Definition

Population Stability Index (PSI) is a metric used to measure how much a variable’s distribution (often model scores or feature values) has shifted between two populations:

  • Baseline (expected) population → often training data or last month’s distribution.
  • Current (observed) population → often scoring data from today, this month, or production.

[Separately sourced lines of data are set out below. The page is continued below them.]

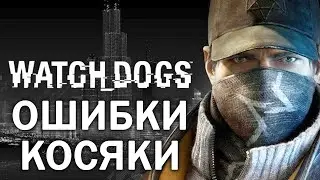Watch Dogs: Игрогрехи, ошибки, ляпы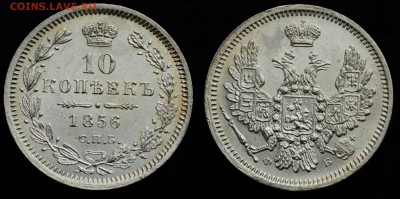 10 копеек 1823, 1848, 1856 и 20 копеек 1783, 1850 - 10коп1856СПБ_ФБ_1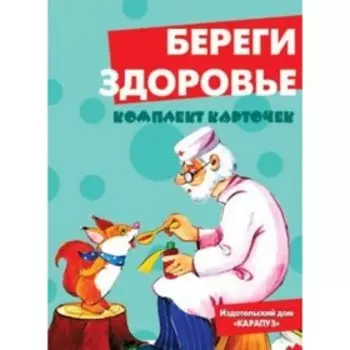 Береги здоровье. Шипунова В.А.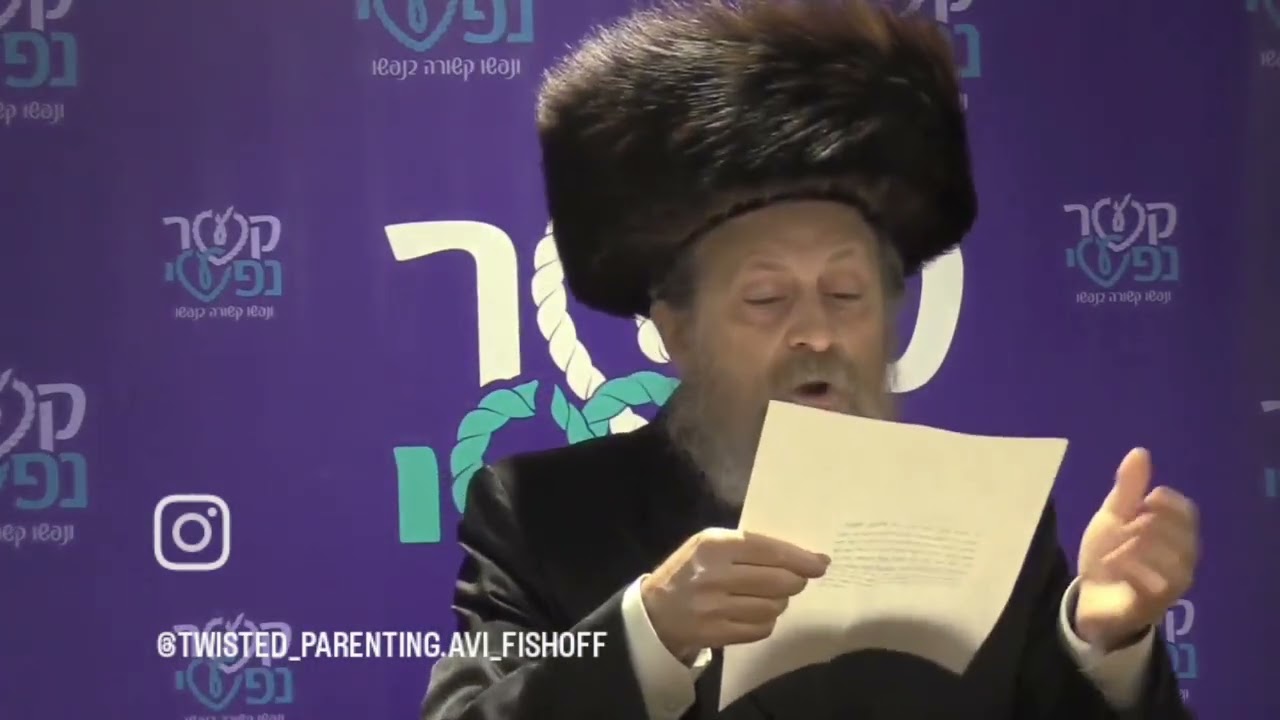 הצדיק ר  אשר פריינד זצוק"ל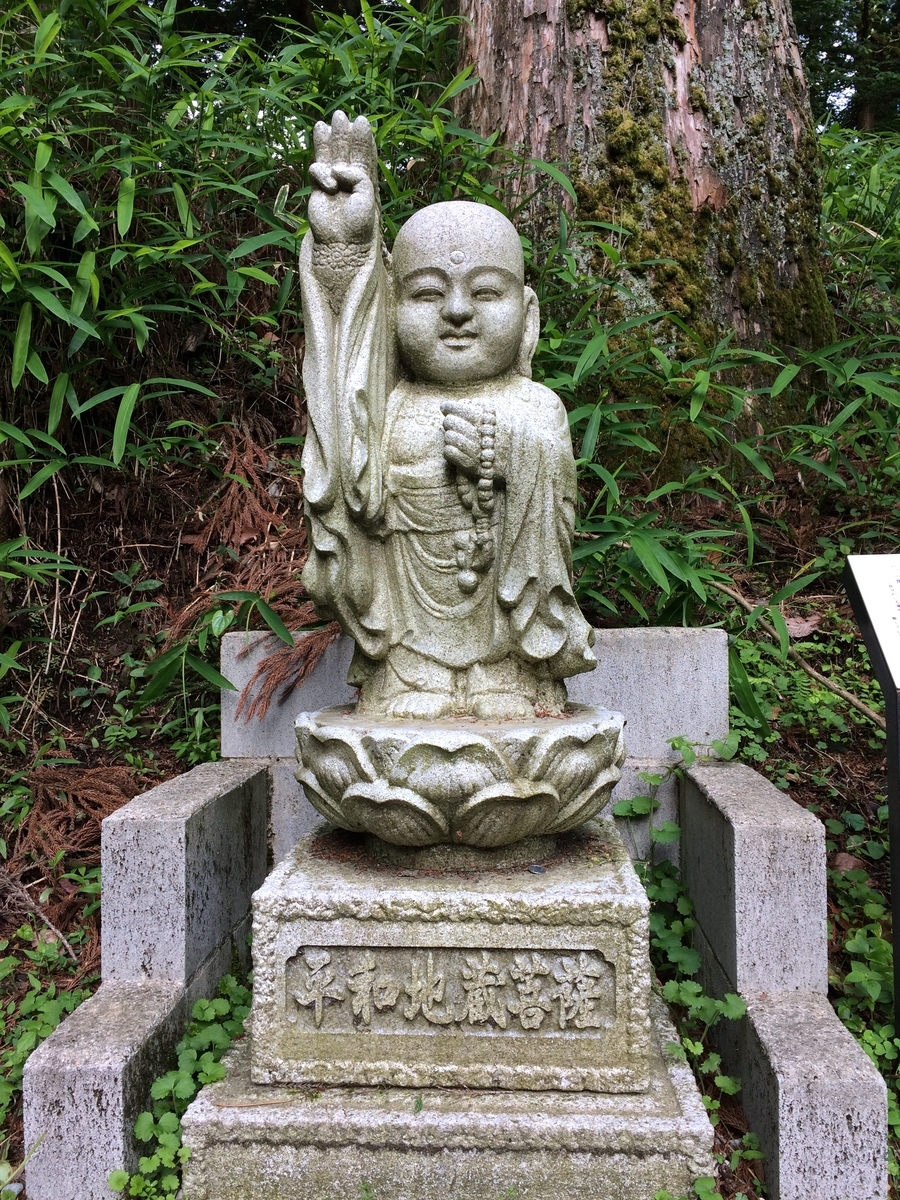 f:id:hakusanoste:20191026234409j:plain
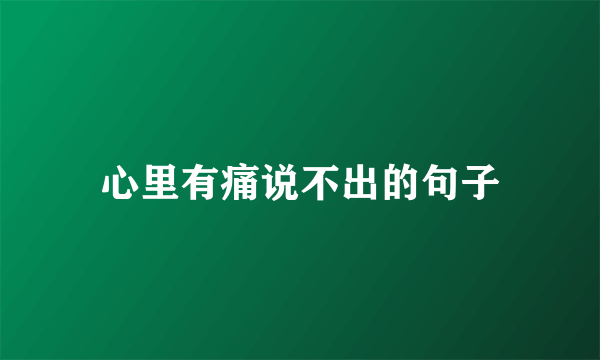 心里有痛说不出的句子
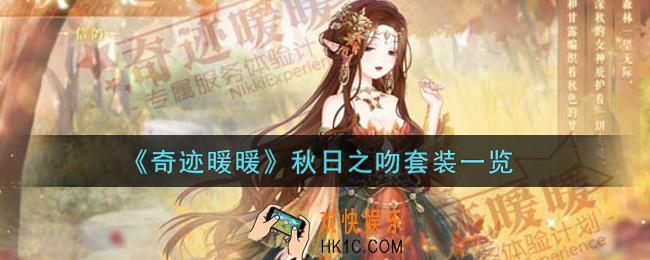 奇迹暖暖秋日之吻套装怎么样_秋日之吻套装一览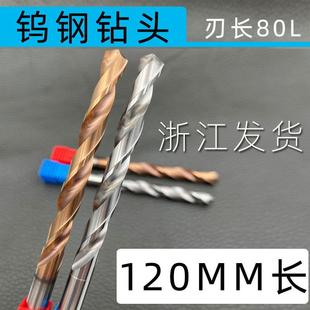 加长钨钢合金钻头2.6 2.7 2.8-20*120mm数控打孔钢涂层直柄麻花钻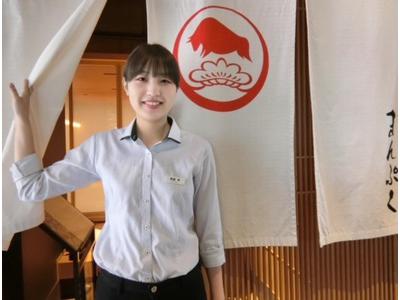 まんぷく 自由が丘のアルバイト バイト求人情報 マッハバイトでアルバイト探し まんぷく 自由が丘のアルバイト バイト求人情報 マッハバイトでアルバイト探し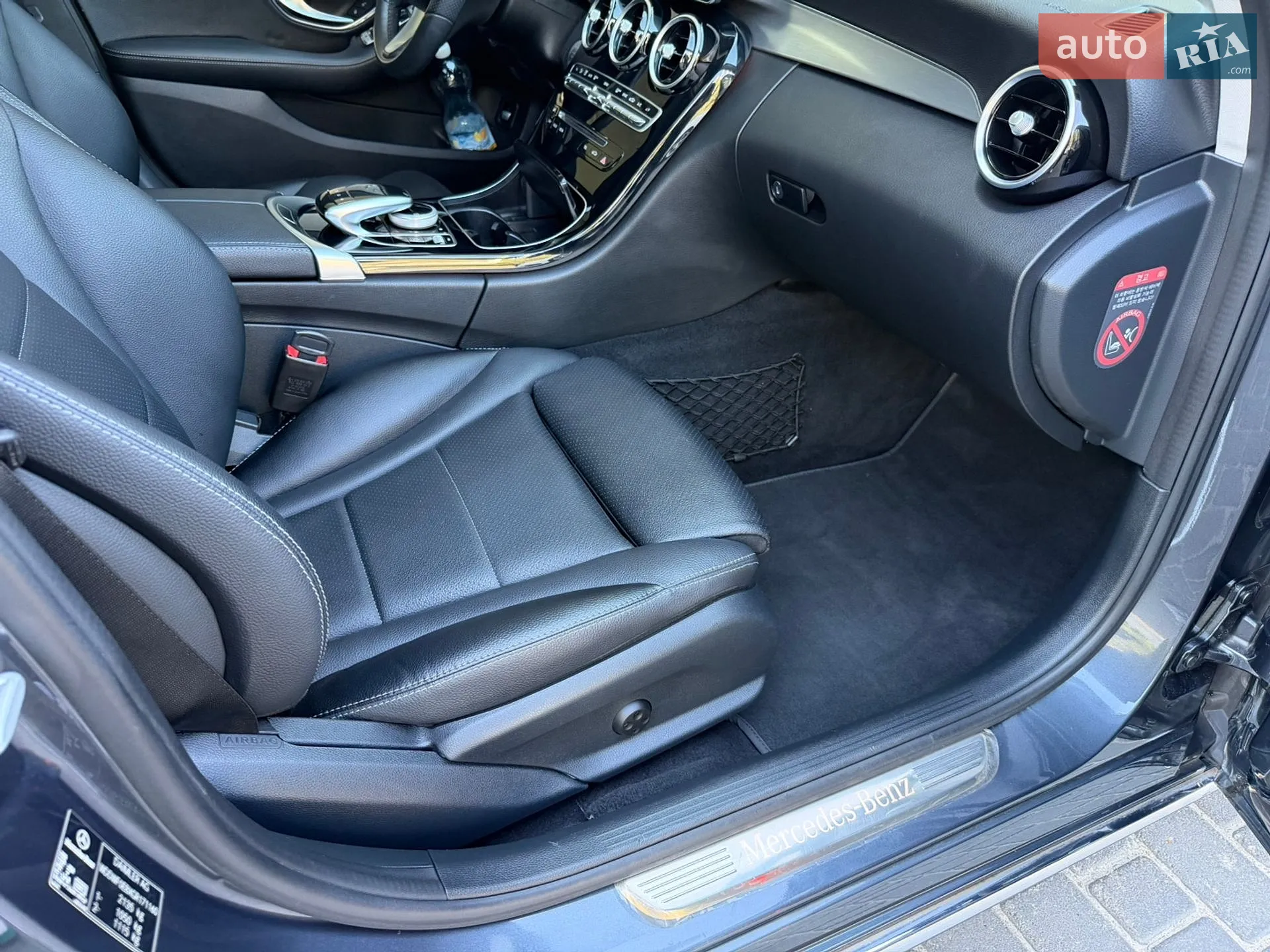 2016 Mercedes-Benz C-klasse - мініатюра 36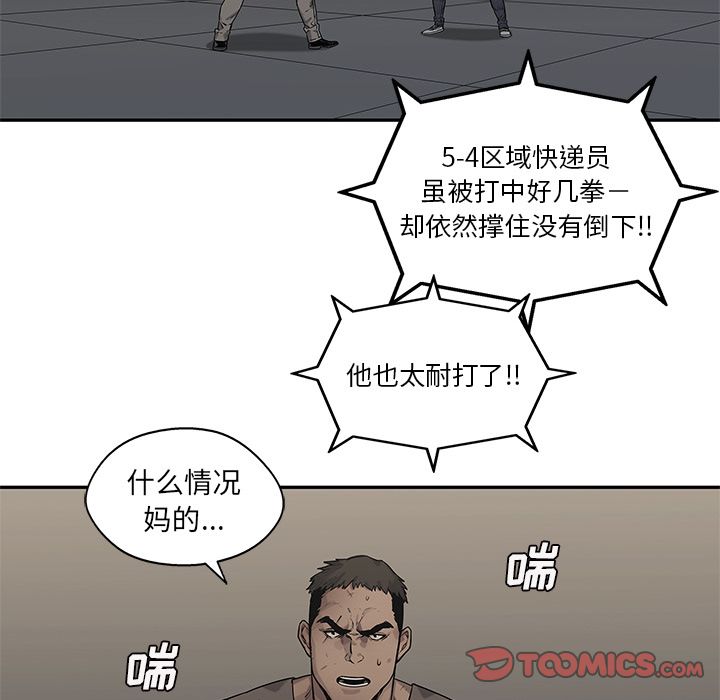 《快递骑士》漫画最新章节快递骑士-第 81 章免费下拉式在线观看章节第【83】张图片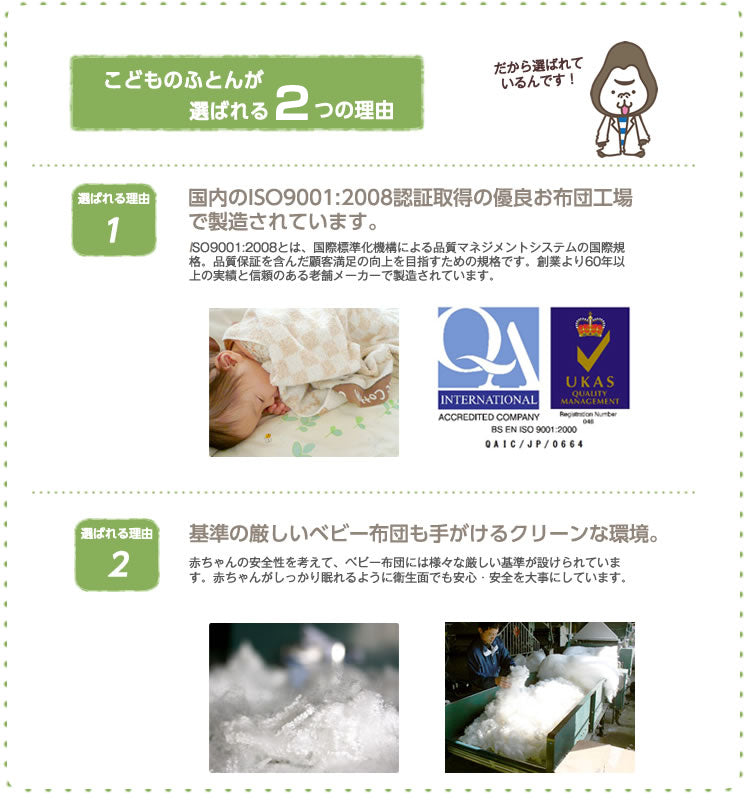 ミニサイズ 小さなサイズで大きく支える 赤ちゃんを支える4.5cm厚のしっかりマットレス 適度な硬さで赤ちゃんの背骨をサポート 敷きふとん 【ベビーお昼寝サイズ(60×90cm)】 ベビー布団 敷布団 ベビーマットレス お昼ね おひるね 硬め 固め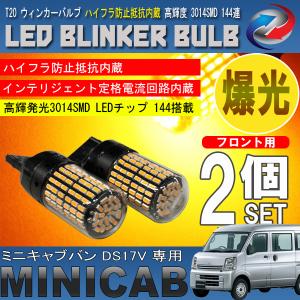 ミニキャブバン DS17V T20 LED ウィンカーバルブ 2個セット 3014SMD 144連 爆光 ハイフラ防止抵抗内蔵｜seacross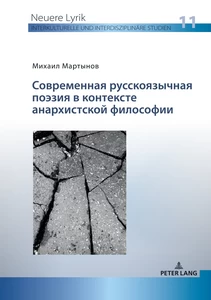 Title: Современная русскоязычная поэзия в контексте анархистской философии 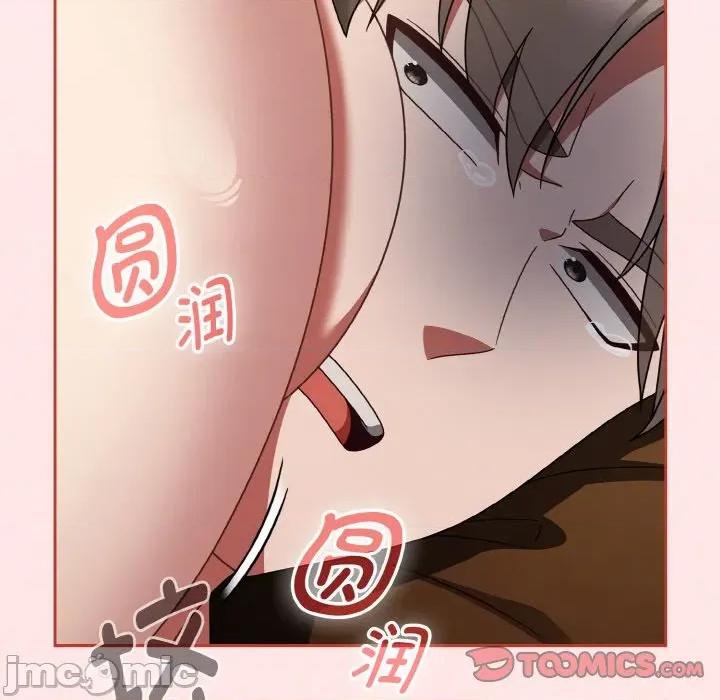 搶救拳擊館大作戰 熱情拳擊館-熱情拳擊館 第33話 第75页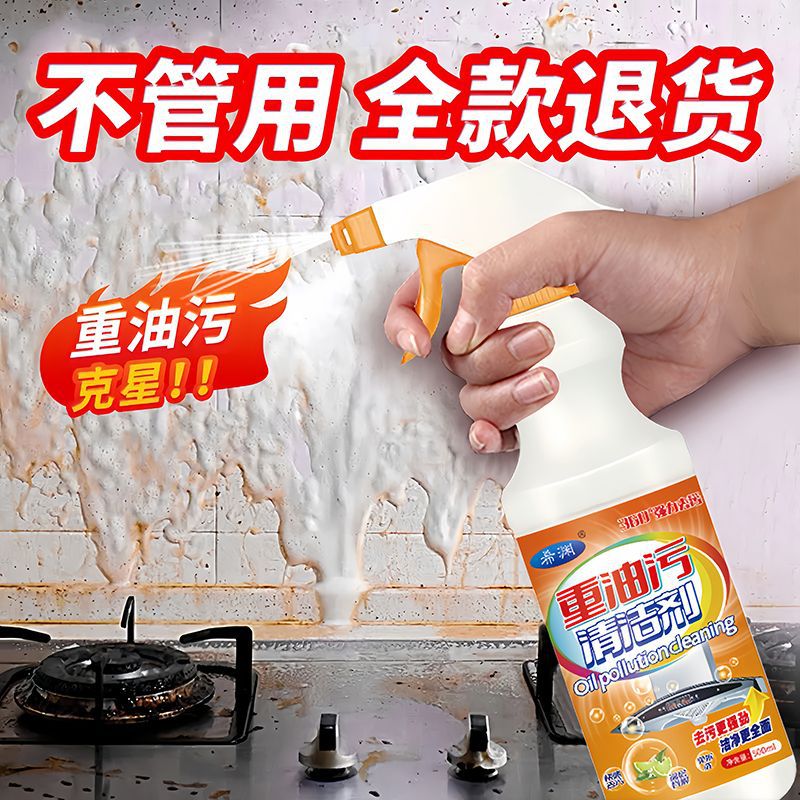 Heavy Grease Remover for Kitchen, Powerful Foam Type Degreaser, Range Hood Cleaner, Oil Stain Remover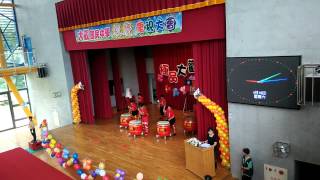 20150418開明高職擂鼓醒獅社-大觀國中校慶祝賀表演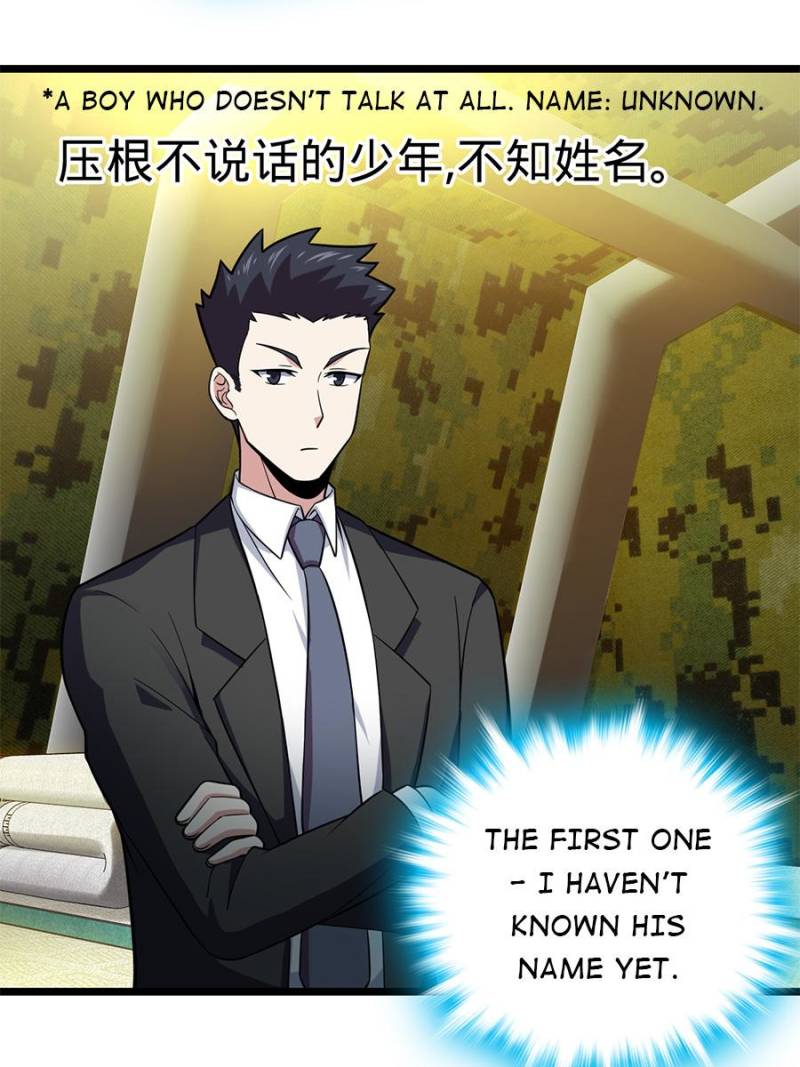 Spare Me, Great Lord! chapter 74 page 17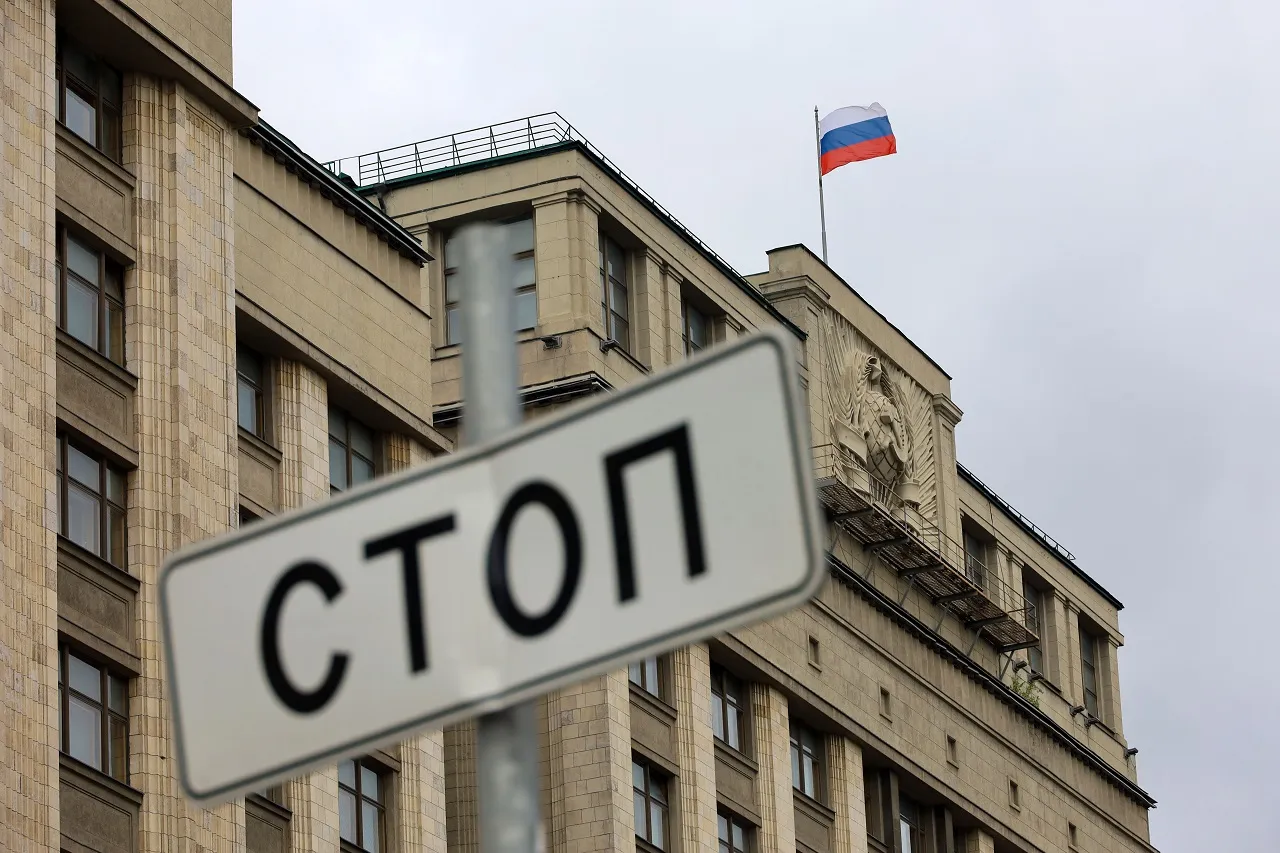 Изображение новости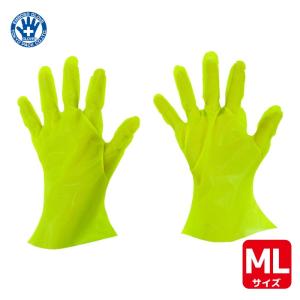 東京パック マイジャストグローブエコノミー化粧箱ML イエロー  品番：YMJEK-ML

It helps detect data drift and model stability issues.


Formula

$\text{PSI} = \sum_{i=1}^N \left( (p_i – q_i) \times \ln\frac{p_i}{q_i} \right)$

Where:

  • $p_i$​ = proportion in bin i for the expected population (baseline).
  • $q_i$ = proportion in bin i for the actual population (current).
  • $N$ = number of bins (usually 10 or 20).

Interpretation

PSI ValueInterpretation
< 0.1No significant change (distribution stable).
0.1 – 0.25Moderate shift (monitor closely, may signal drift).
> 0.25Large shift (serious data drift, model may need retraining).

Example

Suppose you split credit score predictions into 3 bins:

Bin (Score Range)% in Baseline ($p_i$​)% in Current ($q_i$​)
Low (0–300)20% (0.20)10% (0.10)
Medium (301–600)50% (0.50)60% (0.60)
High (601–900)30% (0.30)30% (0.30)

Now compute PSI per bin:

  • Low:
    • $(0.20 – 0.10) \times \ln(0.20 / 0.10) = 0.10 \times \ln(2) = 0.0693$
  • Medium:
    • $(0.50 – 0.60) \times \ln(0.50 / 0.60) = -0.10 \times \ln(0.833) = 0.0182$
  • High:
    • $(0.30 – 0.30) \times \ln(0.30 / 0.30) = 0$

PSI = 0.0693 + 0.0182 + 0 = 0.0875 → < 0.1 → stable.


Key Use Cases

  • Credit Risk Models → detect shifts in score distribution.
  • Fraud Detection → monitor transaction patterns.
  • Machine Learning Monitoring → detect data drift between training and production.

In short: PSI is a drift detection metric comparing two distributions. A high PSI means the population has changed significantly → model retraining may be needed.